Finalmente, tras un golpe de revés a dos manos, mi rival devolvió la bola con escaso acierto (“¡FUERA!”, gritó el actor) y gané el punto, el set, el partido y el campeonato. Celebré la victoria levantando el puño, y el público prorrumpió en aplausos y ovaciones, y acudí a la red para darle la mano a mi rival, y levanté mi copa imaginaria y la mordí. Y por un instante, solo por un instante, pude saborear la miel de la gloria.
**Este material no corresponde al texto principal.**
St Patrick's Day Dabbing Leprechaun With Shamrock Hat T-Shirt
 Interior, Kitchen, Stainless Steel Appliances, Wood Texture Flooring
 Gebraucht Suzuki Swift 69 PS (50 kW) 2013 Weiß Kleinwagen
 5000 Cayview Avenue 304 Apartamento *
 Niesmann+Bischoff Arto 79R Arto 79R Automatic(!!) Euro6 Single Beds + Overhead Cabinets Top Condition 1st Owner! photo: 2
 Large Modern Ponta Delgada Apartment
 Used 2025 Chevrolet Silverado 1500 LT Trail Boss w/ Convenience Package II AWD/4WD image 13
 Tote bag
El resto de la obra me lo pasé pensando en lo asombroso que había sido todo. ¿Qué probabilidades hay de que a un tipo que escribe una sección sobre dandismo se le ocurra la chorrada de compararse en una pajarita con Rafa Nadal? ¿Qué probabilidades hay de que mientras escribe esa pajarita —no un mes antes o después, sino justo en ese momento— vaya al teatro y se represente un partido de tenis de Nadal? ¿Qué probabilidades hay de que justo ese día hayan bajado las temperaturas y se haya podido poner corbata? ¿Qué probabilidades hay de que, de entre todas las personas del público, lo elijan a él para hacer de Nadal? Y por último: ¿qué probabilidades hay de que el autor y director de la obra tenga el mismo nombre y el mismo apellido que Carlos Pitti Uomo?

—Lo que ha sucedido esta noche es absolutamente extraordinario —le dije a João cuando se apagaron los últimos aplausos y el público empezó a retirarse.

—Sí, ha sido muy buena.

—No me refiero a la obra, sino a cuando he salido yo al escenario.

—Ah, sí, Nadal. Tu ídolo.

—No es solo eso. Lo que ha pasado es increíble. No tienes ni idea de lo increíble que ha sido.

—¿Qué ha pasado?

—Lo sabrás cuando leas mi pajarita la semana que viene. Vas a alucinar.

—¿Pero qué ha sido?

—No te lo puedo decir ahora. Ya lo verás cuando se publique.

—¿Pero por qué tanto misterio? ¡Suéltalo ya!

—La semana que viene, João. En Zenda.